● **What to work on**
Could you repeat the records below exactly, leaving the pictures out?

======== Material shown ========

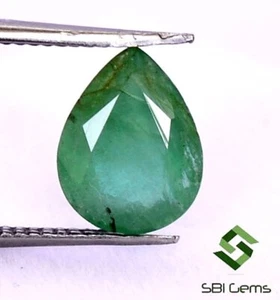 9x7 mm Certified Natural Emerald Pear Cut 1.39 Cts Untreated Loose Gemstone - Picture 1 of 7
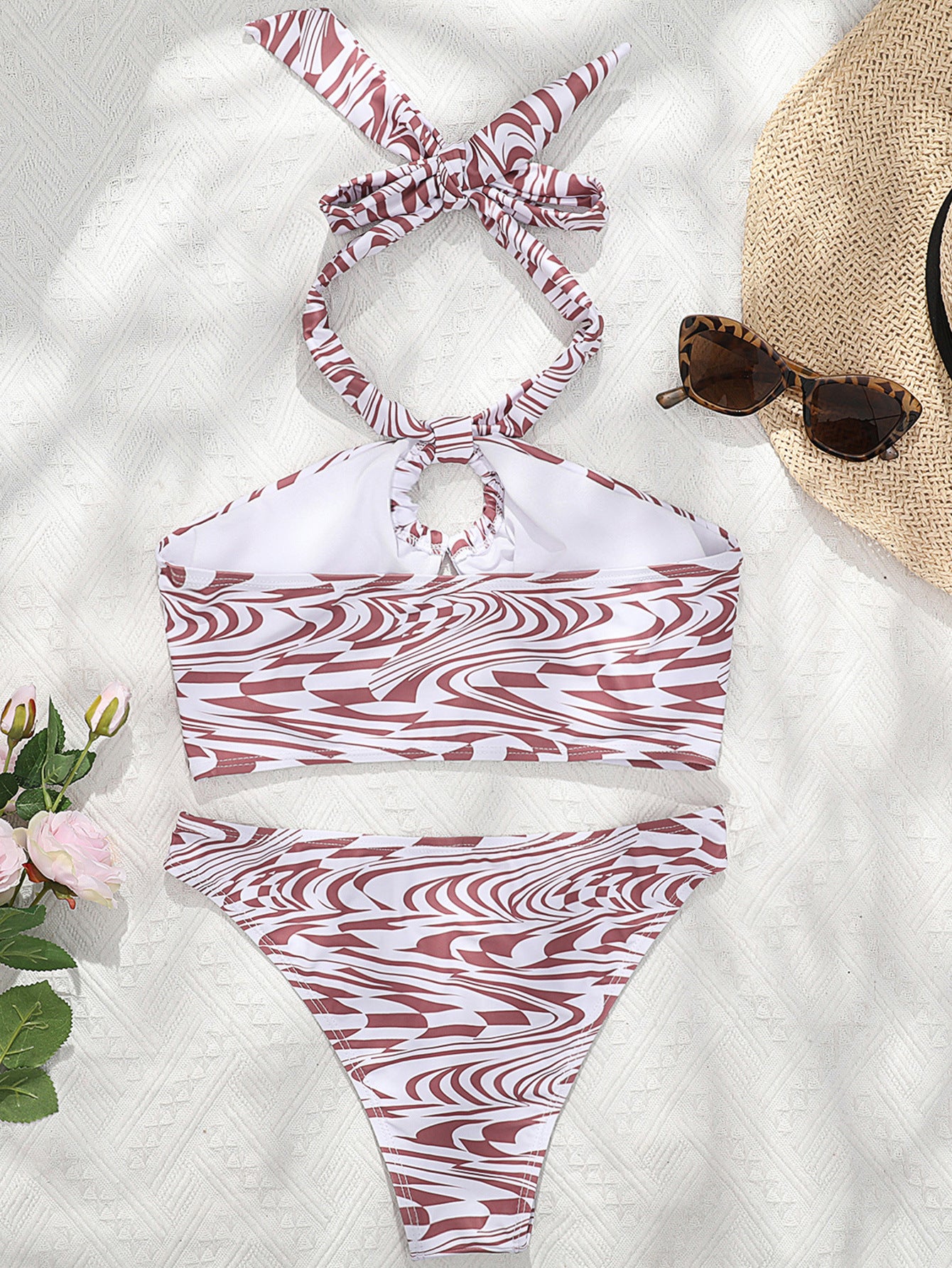 New Rotating Printing Lace-up Sexy Bikini Split Swimsuit Swimwear Women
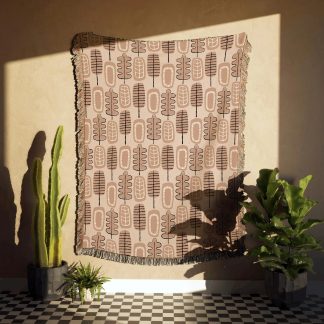Abstract Botanical Leaf Woven Throw Blanket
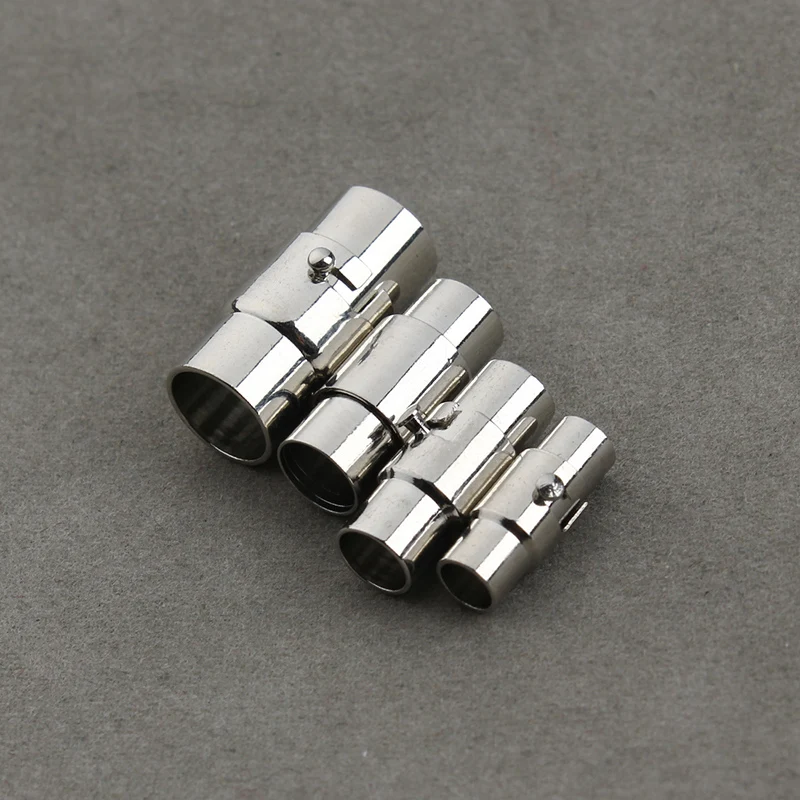 

10pcs/lot fitting 4mm leather cord rhodium copper magnetic clasp for DIY jewelry F809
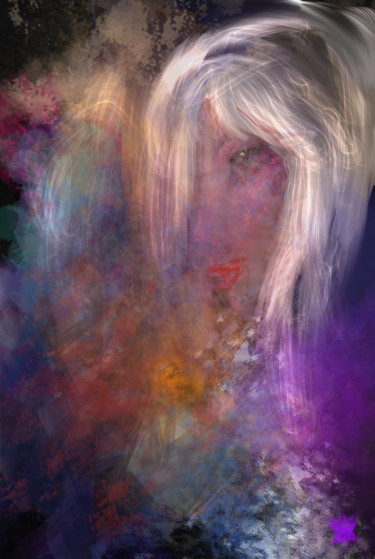 Arts numériques intitulée "Une jeune femme blo…" par Jacky Patin, Œuvre d'art originale, Peinture numérique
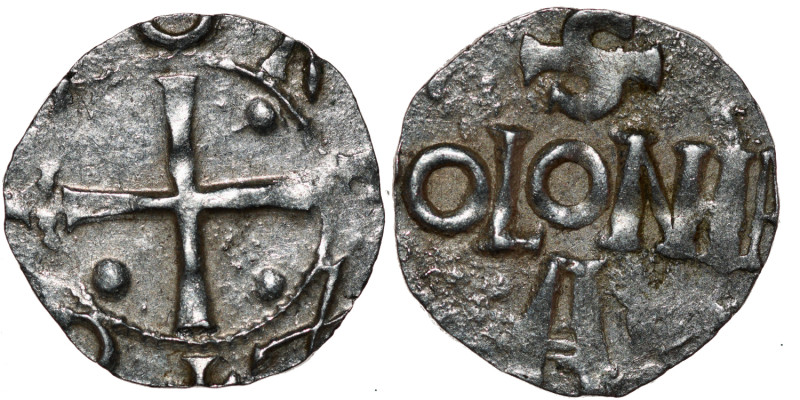 Germany. Cologne. Otto III 983-1002. AR Denar (15mm, 1.19g). Cologne mint. +OTTO...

========

● **Exercise response**
 9x7 mm Certified Natural Emerald Pear Cut 1.39 Cts Untreated Loose Gemstone - Picture 1 of 7
 New Rotating Printing Lace-up Sexy Bikini Split Swimsuit Swimwear Women
Abstract Botanical Leaf Woven Throw Blanket

10pcs/lot fitting 4mm leather cord rhodium copper magnetic clasp for DIY jewelry F809
 Arts numériques intitulée "Une jeune femme blo…" par Jacky Patin, Œuvre d'art originale, Peinture numérique
 Germany. Cologne. Otto III 983-1002. AR Denar (15mm, 1.19g). Cologne mint. +OTTO...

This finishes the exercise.